Thursday August 14, 2008

I worked last night and had a slight meltdown. Okay, maybe not so slight. A really big slice of pie and Pepperidge Farms-type meltdown. Four soft baked dark chocolate chip cookies to be precise.  YIKES!!!!

Thankfully the gym is open 24 hours a day and I am going around 4pm for an hour before I go to work. I’m gonna need to hit it hard to make up for the ridiculosity (yes new word) that I perpetrated upon myself.

What a bonehead play. Oh well, it’s a new day and I’m moving on. No calling myself bad names and ditching everything I’ve accomplished because I didn’t do so well last night.

The water retention and weight gain I thought I’d avoided has now settled in and I feel 10 pounds heavier. Am I just imagining it? If I drink more water I’m going to start swishing or feeling lightheaded.

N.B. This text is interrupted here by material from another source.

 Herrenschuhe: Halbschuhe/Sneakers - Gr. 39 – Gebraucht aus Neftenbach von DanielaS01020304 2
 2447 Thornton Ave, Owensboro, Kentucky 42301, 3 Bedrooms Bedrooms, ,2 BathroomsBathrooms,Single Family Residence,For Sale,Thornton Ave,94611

Maybe I’m trying to sabotage myself and I’m using my period to excuse some all-out binge. It seems to be a pattern for me. I do great for 1 to 2 weeks and then I do something silly. I start hearing the “oh, you’re looking losing weight” comments and I don’t know how to deal with them. I feel like everything I eat or drink is under a microscope. I turn to my trusty frien”emies” chocolate and baked goods to help me quiet the anxiety I feel. How can I deal with these feelings in another way so I don’t have to stuff myself until I’m numb?

Any suggestions? I’m open to everything and anything.

HELP!!!

1 Comment so far

  1. LittleFlower @ August 14th, 2008

    I constantly sabotage myself. I have to check how I’m really feeling before I eat anything these days, to make sure I am ACTUALLY hungry and not just eating for the sake of it.